Finding Value in Social Media Data
Everyone is looking for new techniques that will help them leverage Big Data. One of FICO’s scientists, Xing Zhao, recently married a popular collaborative filtering algorithm, matrix factorization, with our powerful segmented ensemble models, in FICO Model Builder. The result was strong enough to earn him a top 5 finish in the 2012 Knowledge Discovery and Data Mining competition (KDD Cup).
This year’s competition attracted over 900 teams of high caliber scientists, academics and students, as well as renowned industry experts. Placing in the top 5 is admirable. What’s even more impressive is that Xing did it as a solo effort, in his own spare time, while competing against highly focused academic teams.

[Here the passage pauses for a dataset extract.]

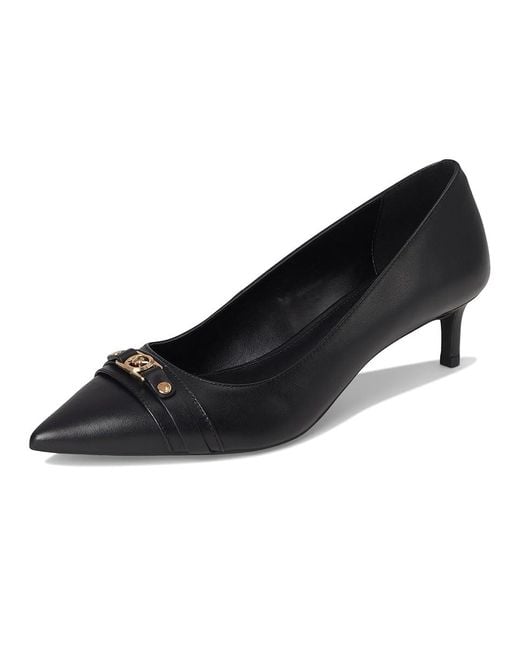 MICHAEL Michael Kors Black Mandy Flex Kitten Pump Shoes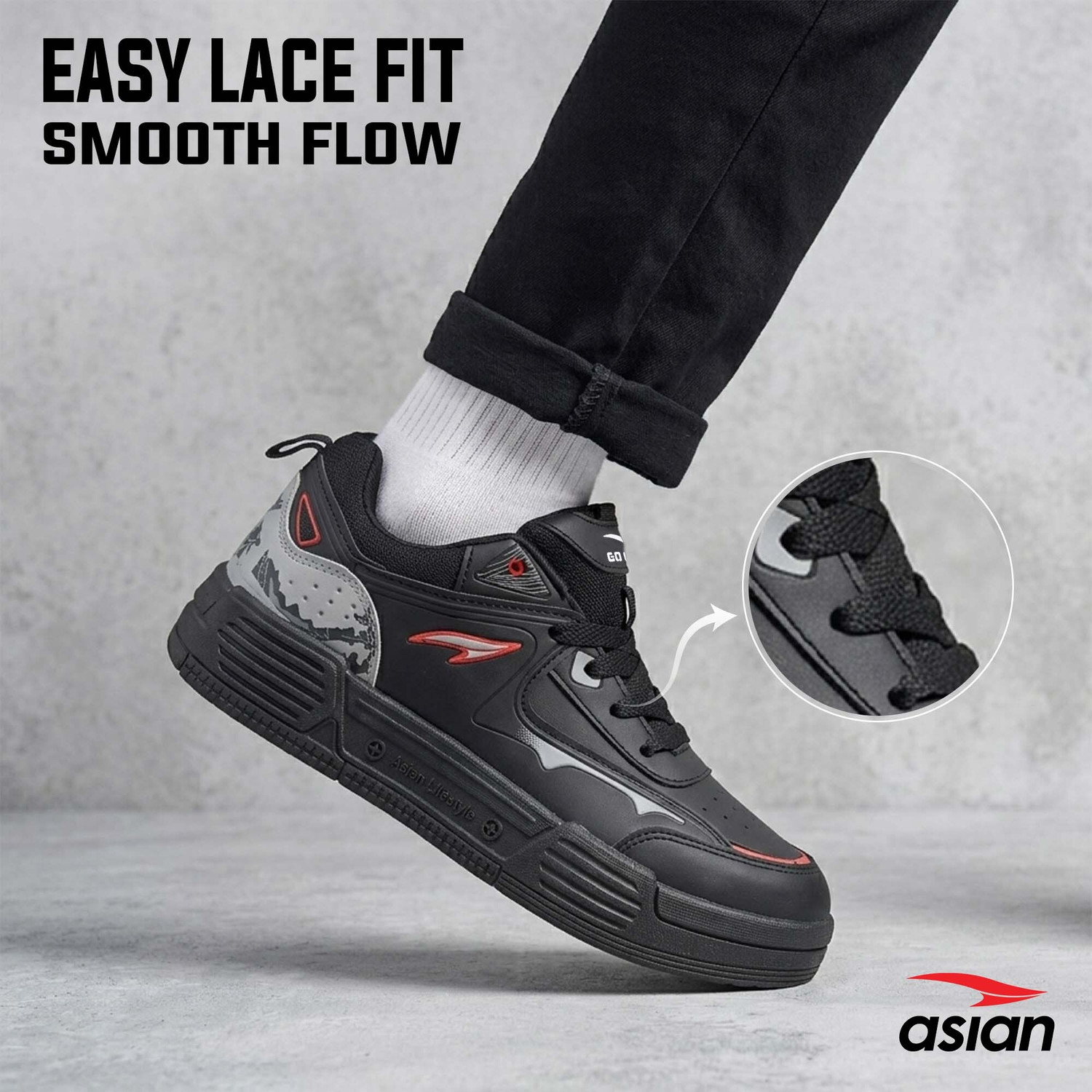 Image of asian Lifestyle-02 Men's Sneakers | Trendy, Comfortable, Sporty Sneaker for Boys Sneakers For Men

KDD 2012 is a top forum for presenting and discussing academic and industry advancements in data mining, data science, Big Data and predictive analytics. This year’s KDD Cup competition challenged participants to create a recommendation system to predict whether a user would follow another user in Tencent Weibo, a Chinese micro-blogging site. Tencent provided the largest and most complex data set ever made available in a KDD Cup contest.
“The Segmented Ensemble module in Model Builder was vital to my solution, as there were many interactions between the variables and it was important to capture those interactions to make the model more predictive”, said Xing Zhao. In addition, he says, “This challenge was a great way to show that Model Builder works well with very large data sets and that scorecard ensembles can achieve great results quickly.”
Congratulations Xing for tackling such a big problem, and showing that scorecards can be great for more than just credit risk.